Task to carry out: The whole listing that follows is to be restated word for word, images excluded.

Listed entries section start

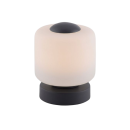 Moderne, runde Tischlampe mit weißem Glas und schwarzem Sockel, stilvolle LED-Leuchte für Wohnzimmer.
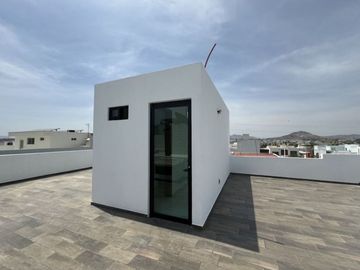 CASA EN VENTA EN VALLE IMPERIAL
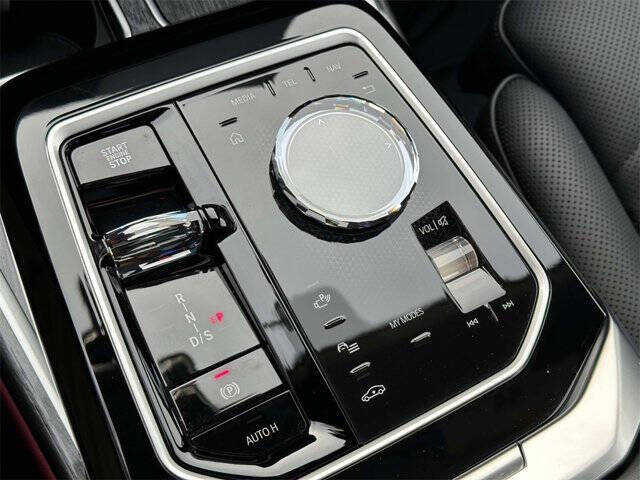 2025 BMW 7 Series 740i xDrive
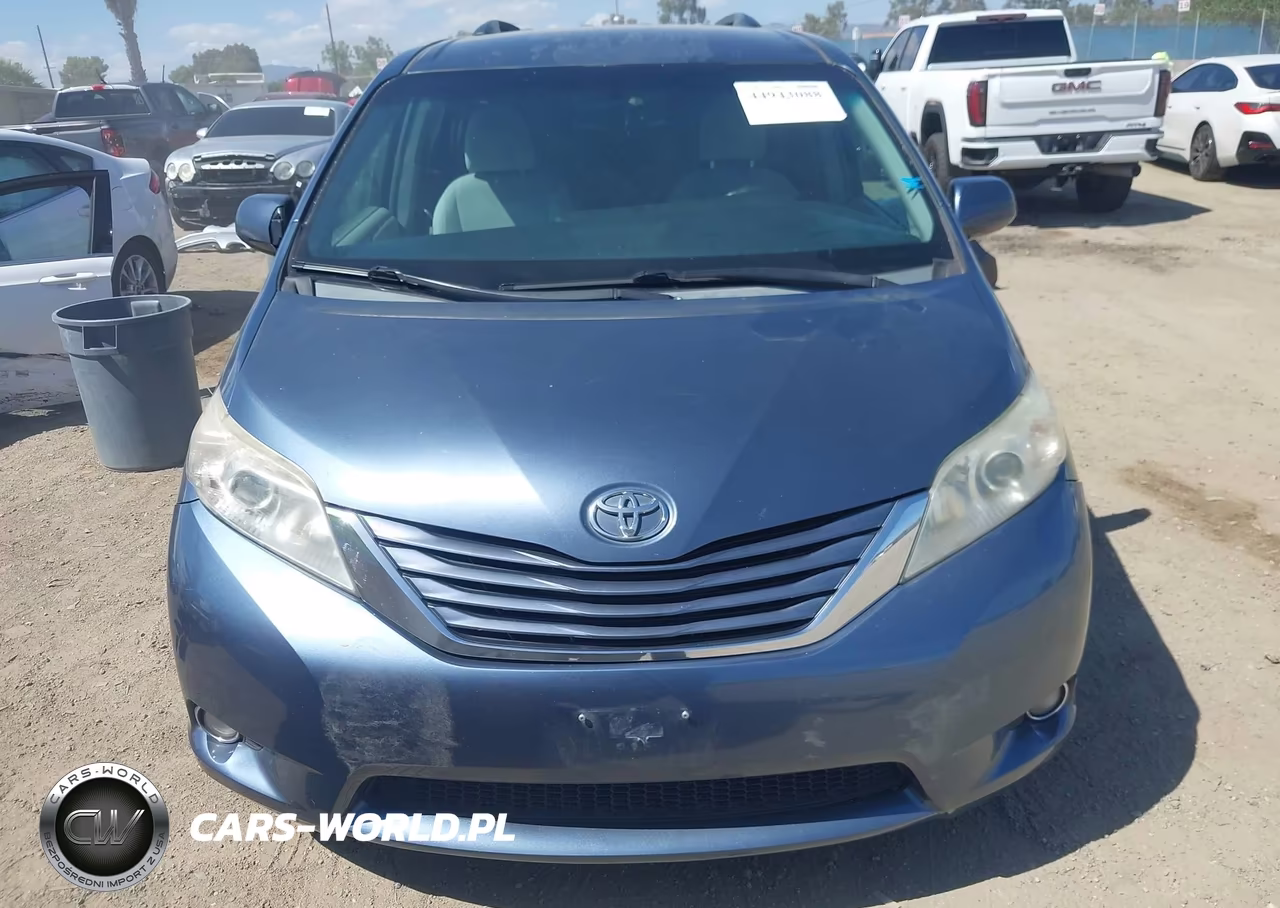 2015 Toyota Sienna Le 8 Passenger VIN:5TDKK3DCXFS674302 - 12
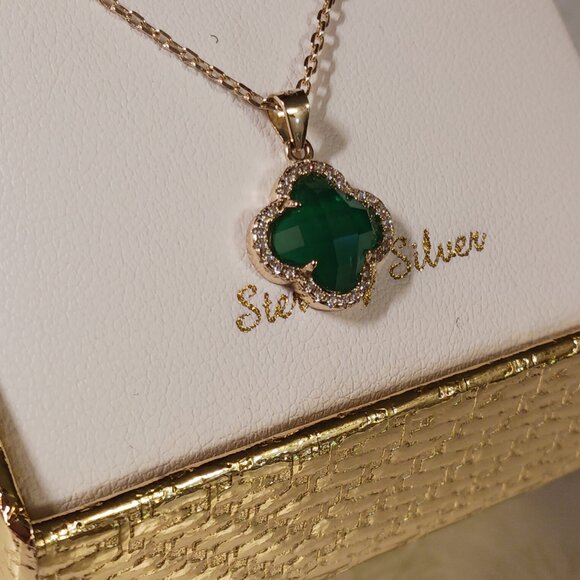 Four Leaf Clover Necklace - Picture 2 of 3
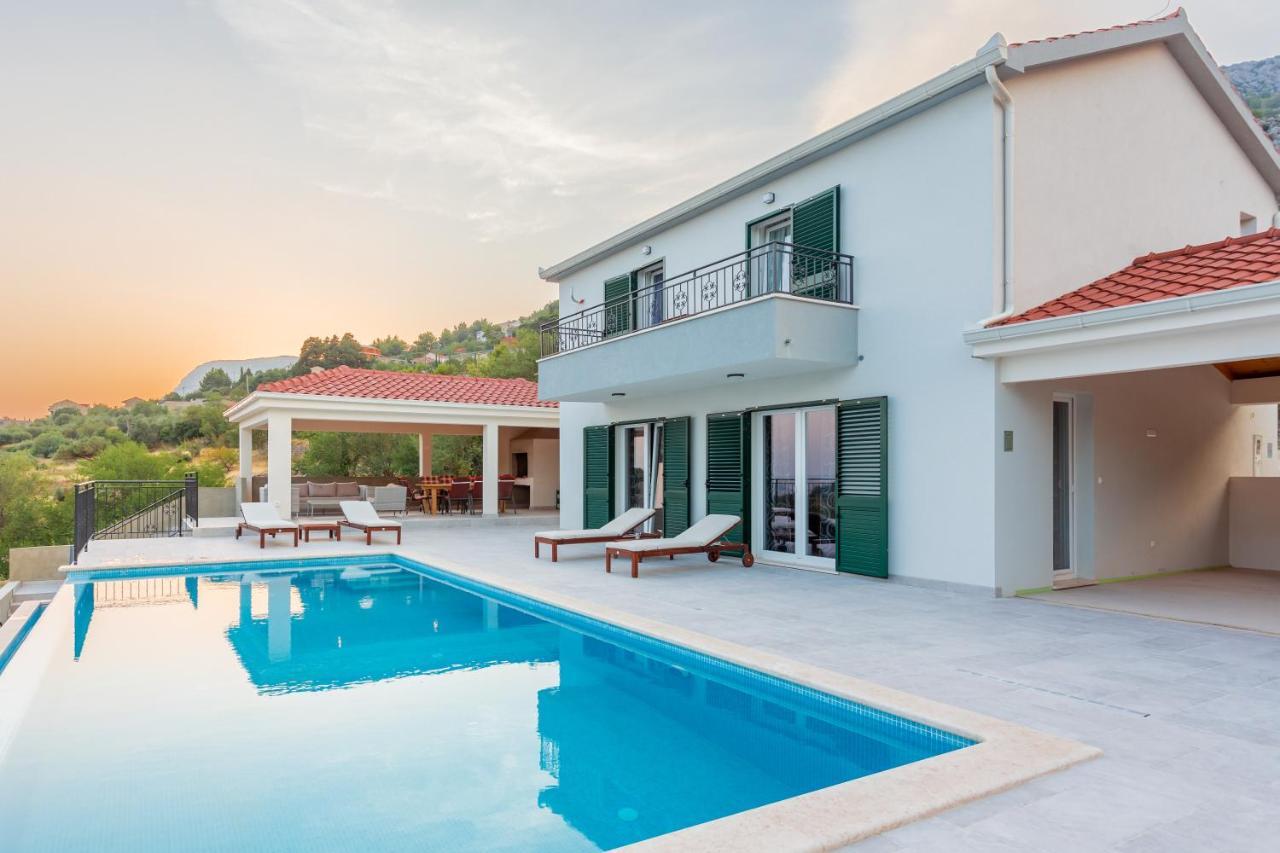克利斯Secluded House - Guaranteed Privacy - Heated Pool别墅 外观 照片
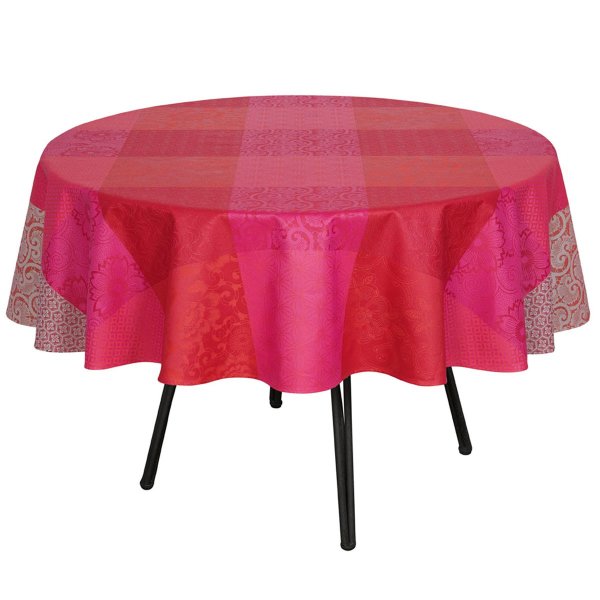 Coated tablecloth from Le Jacquard Français; Model Fleurs De Kyoto Cerise; main colour red in cotton; Size Ø 175 cm round; Motif graphic patterns; Pattern jacquard woven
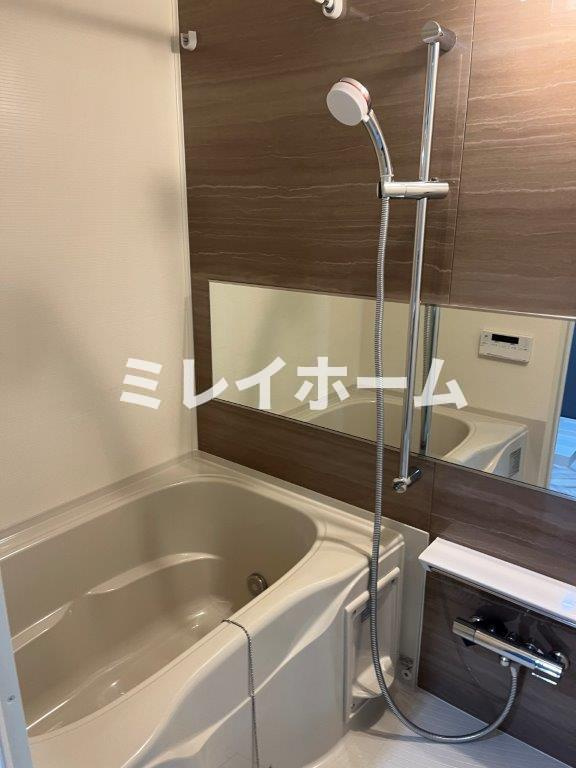 LiveFlat不動前の浴室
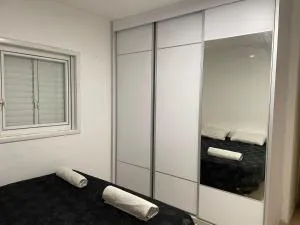 דירת 4 חדרים מתוקה ברחובות מרכז העיר קרובה לכל מקום - Kiryat Ekron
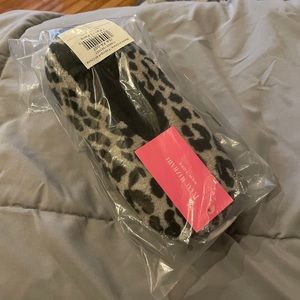Cheetah/leopard print slippers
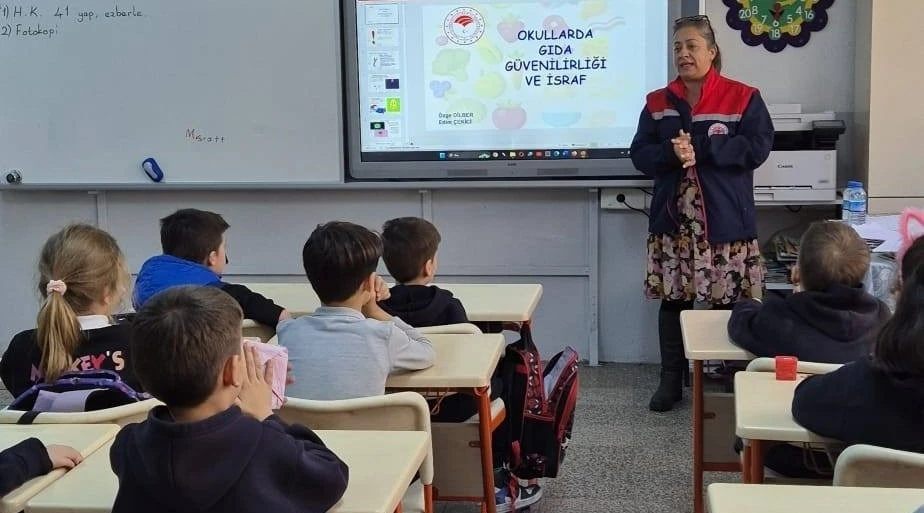 Söke’de öğrencilere ’Gıda Güvenliği ve İsraf Eğitimi’ verildi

Listed entries section end

Written solution:
 Moderne, runde Tischlampe mit weißem Glas und schwarzem Sockel, stilvolle LED-Leuchte für Wohnzimmer.
 CASA EN VENTA EN VALLE IMPERIAL
 2025 BMW 7 Series 740i xDrive
 2015 Toyota Sienna Le 8 Passenger VIN:5TDKK3DCXFS674302 - 12
 Four Leaf Clover Necklace - Picture 2 of 3
克利斯Secluded House - Guaranteed Privacy - Heated Pool别墅 外观 照片
 Coated tablecloth from Le Jacquard Français; Model Fleurs De Kyoto Cerise; main colour red in cotton; Size Ø 175 cm round; Motif graphic patterns; Pattern jacquard woven
 LiveFlat不動前の浴室
 דירת 4 חדרים מתוקה ברחובות מרכז העיר קרובה לכל מקום - Kiryat Ekron
Cheetah/leopard print slippers
 Söke’de öğrencilere ’Gıda Güvenliği ve İsraf Eğitimi’ verildi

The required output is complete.